Indian Inc. apprehensive about regulatory requirements arising out of Climate Change issues: KPMG report
An overwhelming 83% of the respondents of the recent KPMG report claimed to have a fair understanding of climate change issues. However just under half of these respondents said they have a clear strategy in place to tackle these issues. The recent KPMG report on Climate Change looks to assess the preparedness of India Inc towards this global phenomenon. The study attempts to understand the Indian business leader’s appreciation of the climate change context, its implications for the economy and their businesses, and their readiness to respond to the impending change.
Speaking on the report release Mr Arvind Mahajan, National Industry Director, Energy, Infrastructure and Government of KPMG said “Developing countries like India and China are under increasing international pressure to undertake measures to limit their aggregate emission levels. While the government on its part has recently announced the National Action Plan on Climate Change, the onus is now on private businesses to do their bit”. He added “merely good intentions with regard to environment awareness are not enough, what is needed is a structured and measurable plan. The first step to the process is measuring the current carbon footprint.
Secondly, companies should seek to benefit from opportunities brought by climate change. For instance, the global market for low carbon energy efficient technologies is estimated to be $3 trillion by 2050.
The global awareness on climate change is far greater. Most companies in the developed world have measured and announced their baseline carbon footprint, and also their reduction targets over 5 to 10 year periods. As per the KPMG report the case with Indian businesses is rather dismal. 41% of the respondents in this study indicate having at least some quantified goals for carbon reduction to be achieved by 2010. However, a significant 38% of the respondents have no goals whatsoever. The report also brings to light the lack of appreciation of the tools and capabilities required to contain climate change. The most widespread measure that businesses engage in, or plan to engage in, to tackle climate change is the usage of energy efficient appliances (94%), this is followed educating and training employees on environment friendly practices (77%). A lot fewer businesses are engaged in other primary drivers of emission reductions. Only 29% of firms review and update their global supply chain to achieve energy efficiency and only 25% have discontinued high energy services.
The KPMG study was conducted with a view to finding out how Indian firms are responding to the issues and challenges around climate change.

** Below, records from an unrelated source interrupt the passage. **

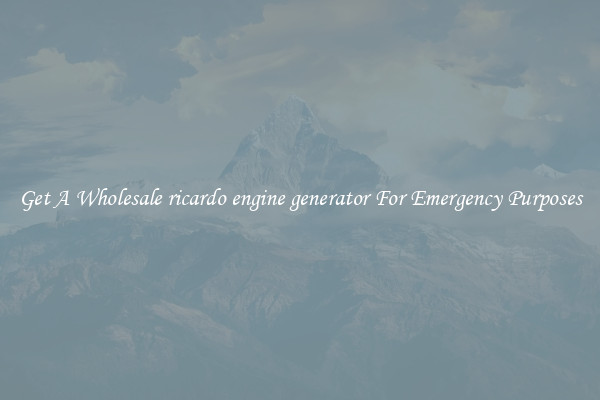 Get A Wholesale ricardo engine generator For Emergency Purposes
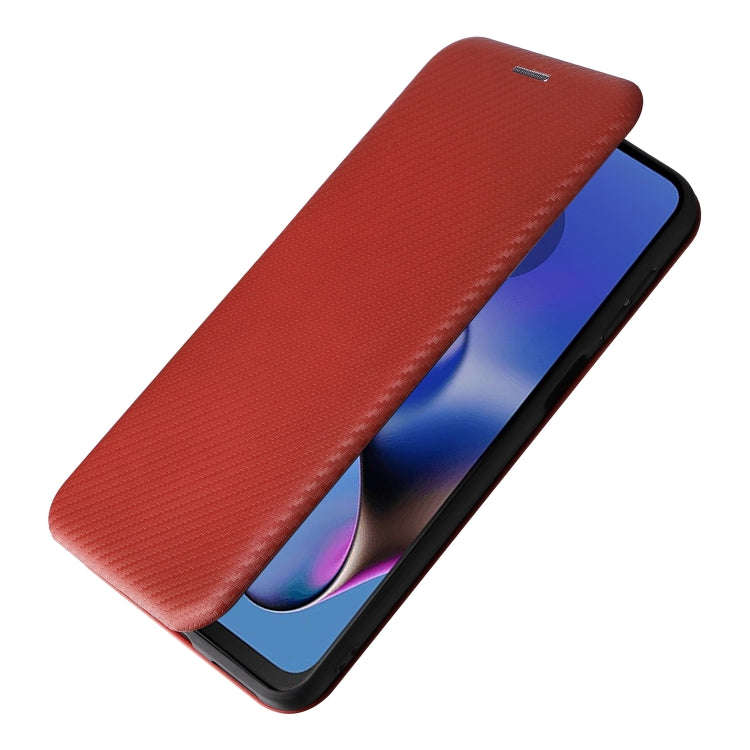 For Motorola Moto G54 5G / G64 / G64y Carbon Fiber Texture Flip Leather Phone Case(Brown)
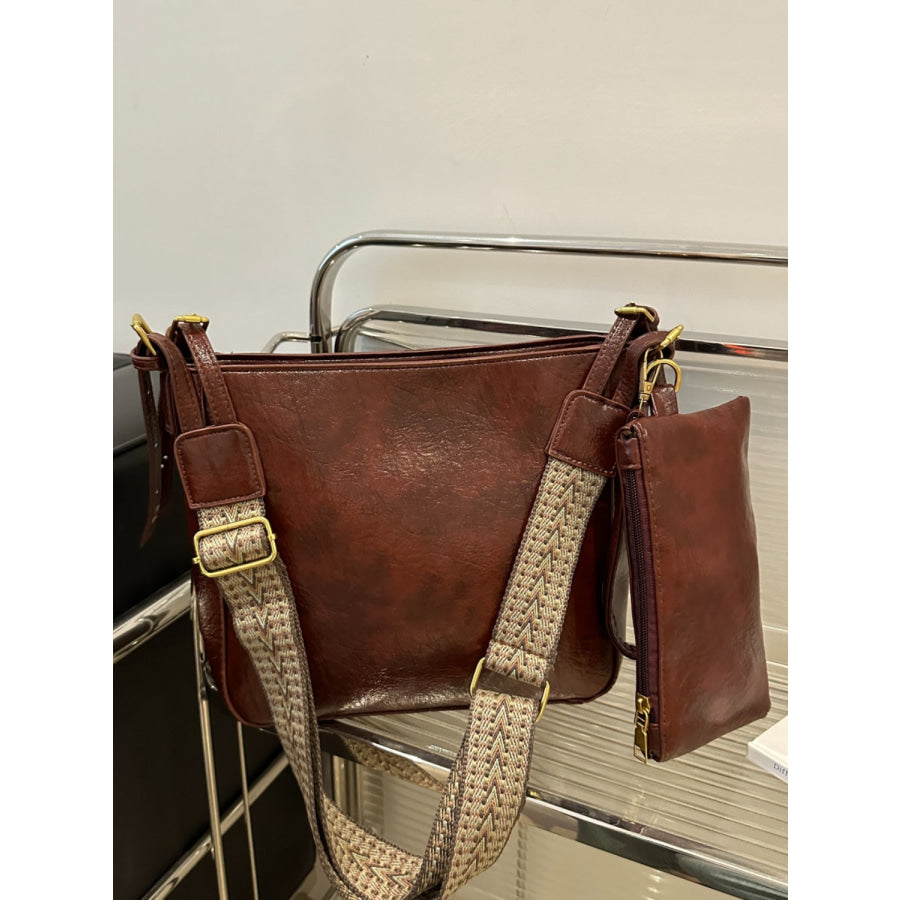 PU Leather Adjustable Strap Crossbody Bag with Pouch Apparel and Accessories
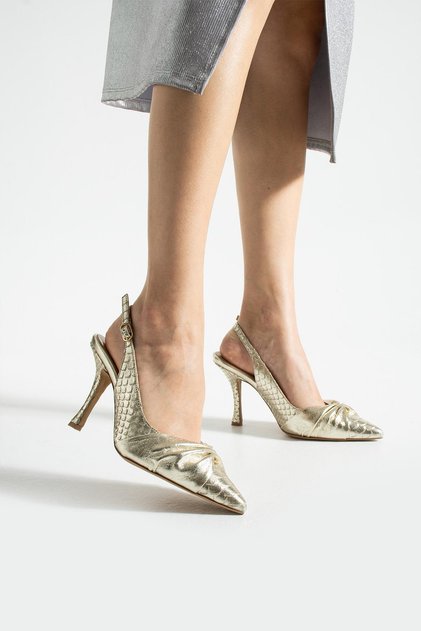 Women's Genuine Leather Classic Heeled Shoes Lame
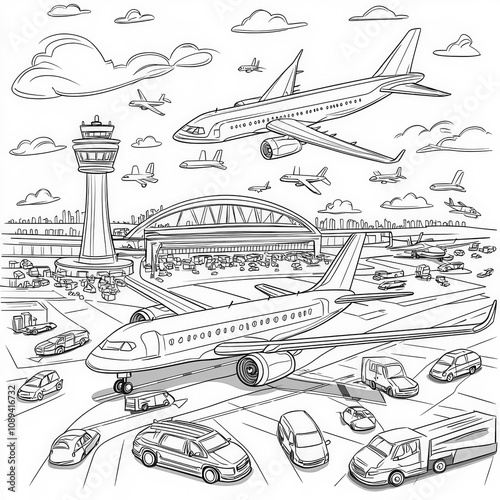 A busy airport with airplan...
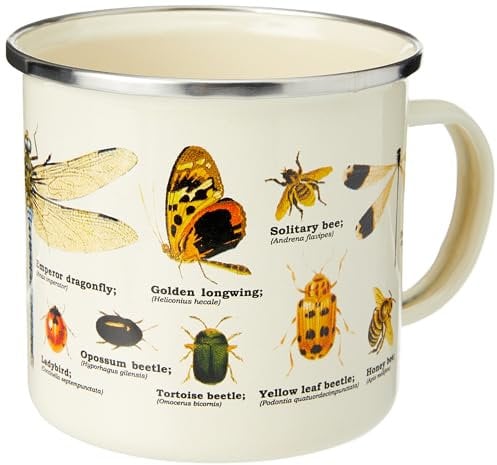 Gift Republic Insect Enamel Mug, Outdoor Camping Mug, 500 ml Metal Coffee Cup, Insect Design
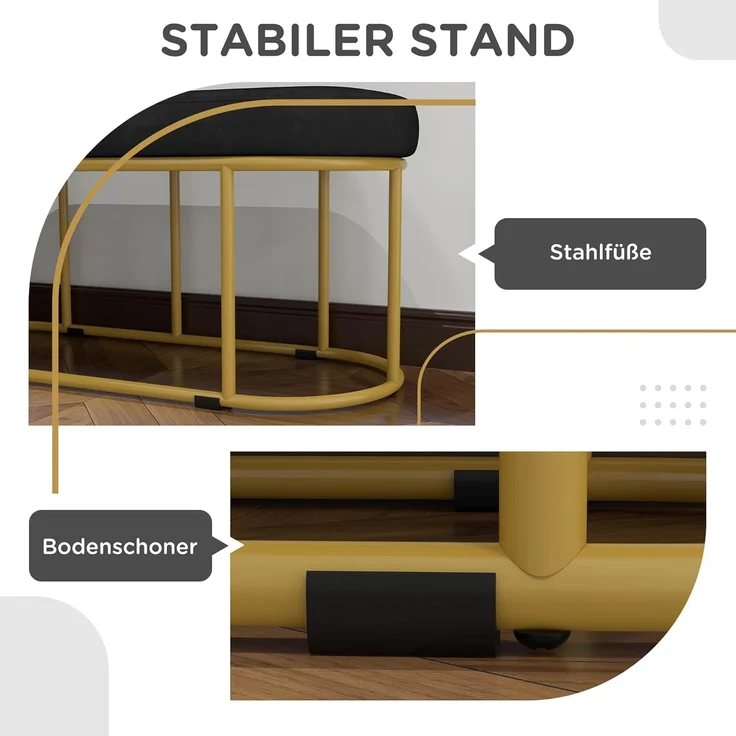 HOMCOM Polsterbank Bettbank mit Samtoptik (Schlafzimmerbank, 1-St, Schminkbank), Stahl, Schwarz, 100 x 37 x 43 cm – Bild 6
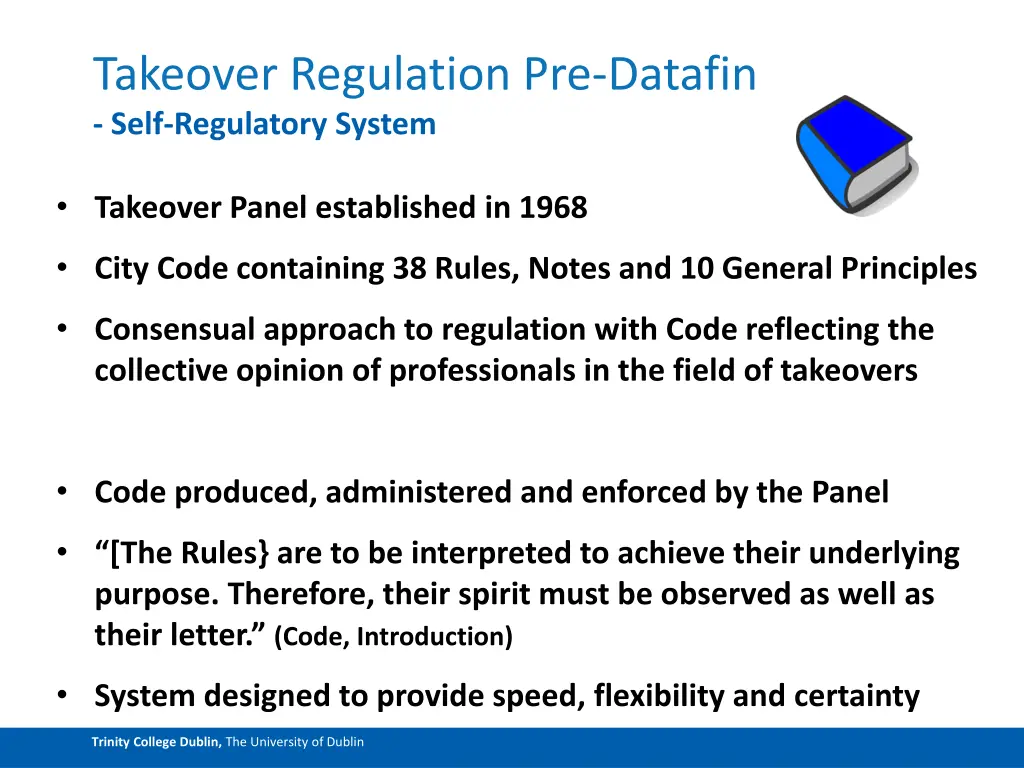 takeover regulation pre datafin self regulatory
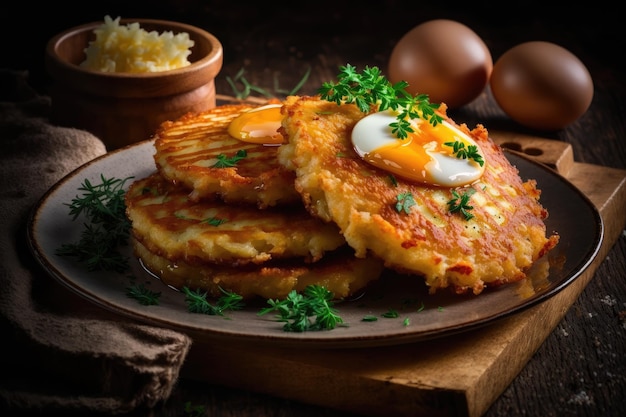 Tortitas de patata dorada crujiente con chuletas de carne queso y huevo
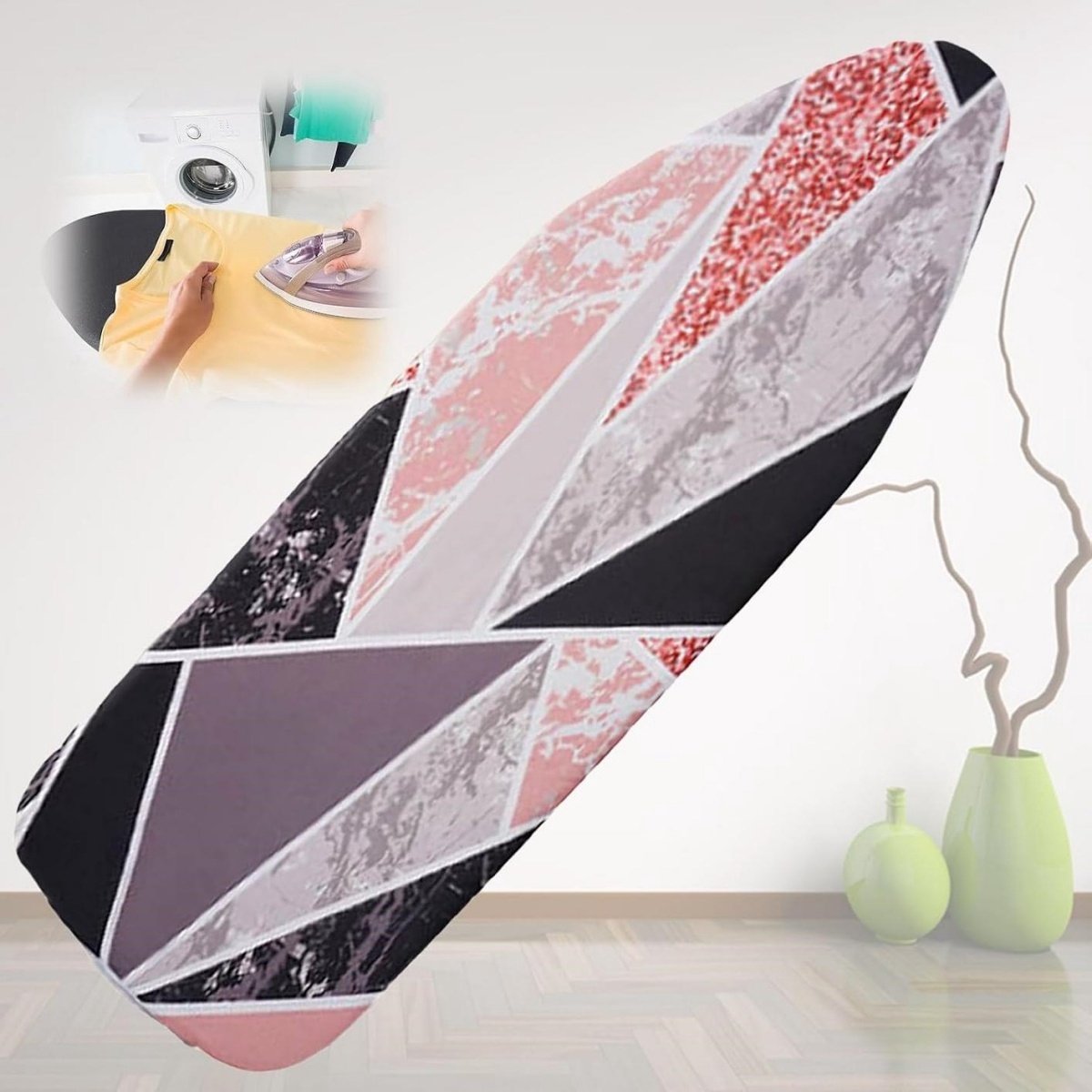 GELLDG Strijkplankhoes - Strijkplankbeschermer - 140x50cm - Dampdoorlatend en Hitzereflecterend - Geschikt voor Stoomstrijkijzers - Antislip Polyester Hoes met Trekkoord - Makkelijk Schoon te Houden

A total of around 70 business leaders at the CEO/CXO level were interviewed for this study. KPMG itself is committed to addressing climate change first and foremost, by acting as a good corporate citizen. The principal ambition of ‘KPMG’s Global Green Initiative’ will be to reduce the member firms combined carbon footprint by 25% by the year 2010 from a 2007 baseline, through emission reduction schemes and the use of renewable energy in its member firms.